== AIM OF THE TASK ==
Render every line of the data exactly as written, and leave out the pictures.
++++ RAW DATA
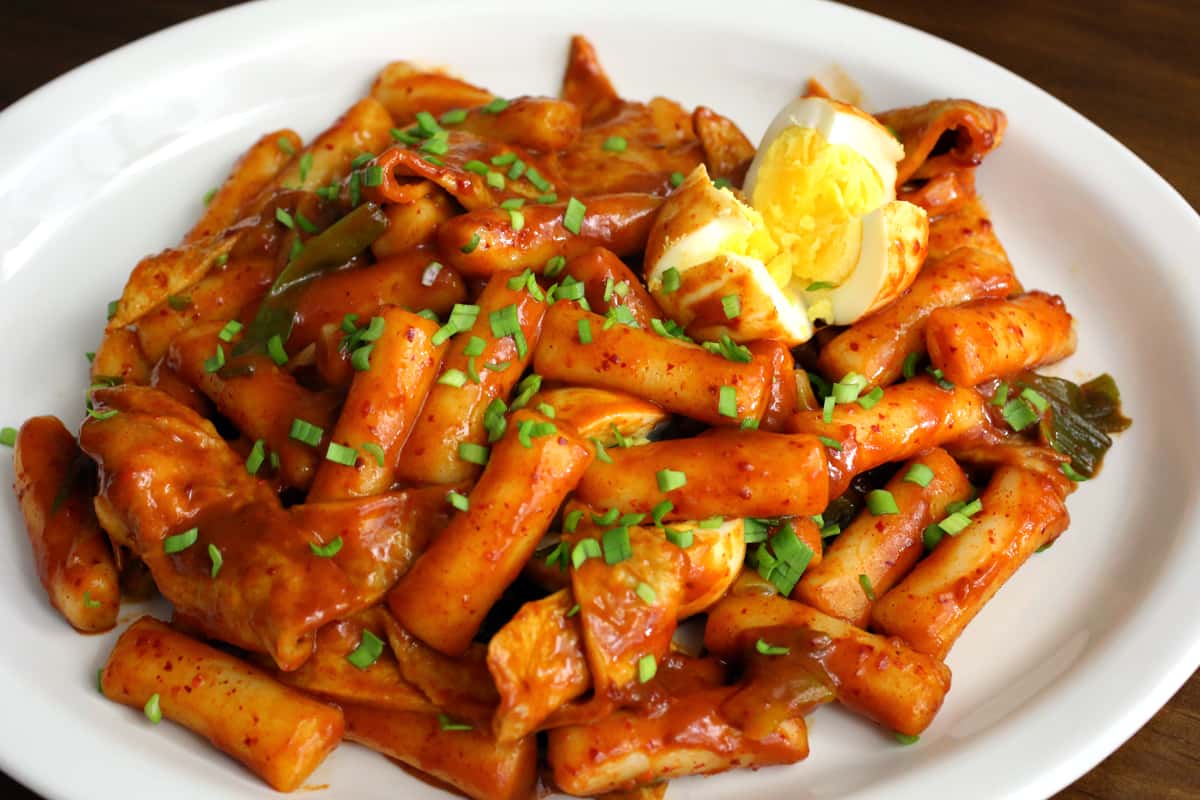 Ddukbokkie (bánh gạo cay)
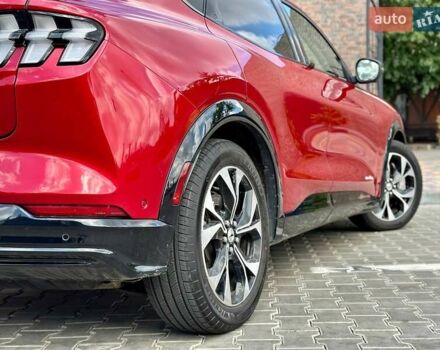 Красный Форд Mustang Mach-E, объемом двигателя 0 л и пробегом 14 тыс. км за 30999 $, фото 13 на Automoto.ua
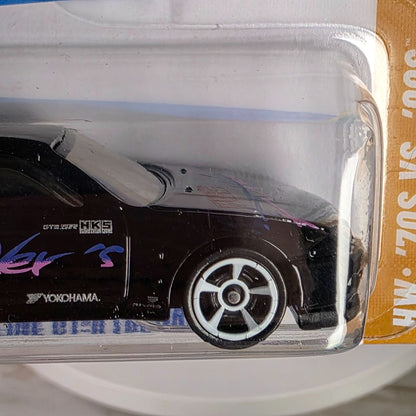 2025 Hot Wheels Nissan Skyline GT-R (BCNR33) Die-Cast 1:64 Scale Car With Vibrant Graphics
++++++++
== OUTPUT BELOW ==
 Ddukbokkie (bánh gạo cay)
 Красный Форд Mustang Mach-E, объемом двигателя 0 л и пробегом 14 тыс. км за 30999 $, фото 13 на Automoto.ua
 2025 Hot Wheels Nissan Skyline GT-R (BCNR33) Die-Cast 1:64 Scale Car With Vibrant Graphics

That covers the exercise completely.